Thursday, 6 October 2016

Characters and Dialogue with Steve Coombes




Monday 3rd October 2016

Today we learned about characters and dialogue from writer Steve Coombes. Starting with dialogue we were told about 'gold watch dialogue'- this means that the dialogue is really good but for a play and not a film or television.

Dialogue:

When writing scripts you can have good dialogue but it doesn't necessarily mean it should be in your script. We had some tips for scriptwriting which were:

  • Dialogue is the least important part of the screenplay
  • If it doesn't further the plot then it doesn't ned to be there
  • Don't be too formal with dialogue
  • Talk how the characters would talk
  • Don't have both characters speaking at the same time
  • Don't be too artistic
  • How polite are they?
  • Don't use the character names too much.
  • Read the dialogue out loud
  • If it isn't speakable then it isn't dialogue
  • Don't be too dramatic
  • Make it sound like humans are talking
  • Real life dialogue is too boring - make it sound like real dialogue than writing it
  • Don't do long speeches/3 sentences than break
  • Not everything has to be dialogue
  • Subtext
  • Be aware of accents/put in little touches and put in the script which nationality i.e German
  • Don't give too much information
  • Most important - the denial in dialogue
  • Think about most extreme work your characters use and it will take you to other words your characters will use.
  • Don't make the characters a mouthpiece for what your script is about
Character:
  • You should know the characters in your script as well as you know your own friends. They are like your imaginary friend and all their vulnerabilities should be known to you.
  • Write dialogue until you know the character
  • Good characters are flawed people who fall short of their own expectations, they normally look up to the world than down and minor characters usually look up.
  • A character can have tells and it is normally best to do this early on and visually.
  • Melodrama - all characters are wrong
  • In good drama- all characters are right
  • Need to decided whether characters know their flaws.
  • A front story is better than a backstory.

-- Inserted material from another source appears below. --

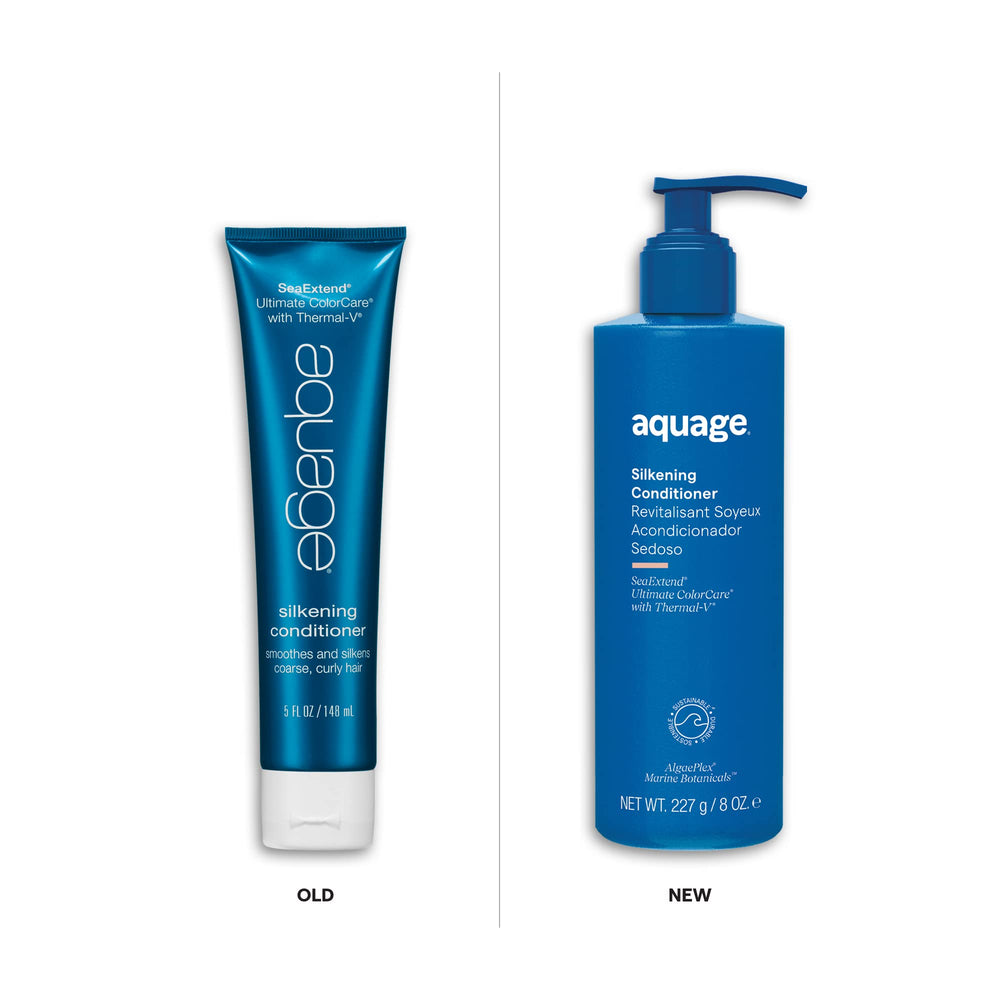 Aquage SeaExtend Silkening Conditioner pour shot showing creamy texture for detangling.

Thinking of my own script I feel I need to know my characters a bit more, I will try some character exercises such as writing 10 truths and 10 lies and answer some questions about them. hopefully this will then give me more of an understanding about who they are. I also will not be using much dialogue in my script and to help me whilst writing this I will look at scripts with little dialogue in for reference.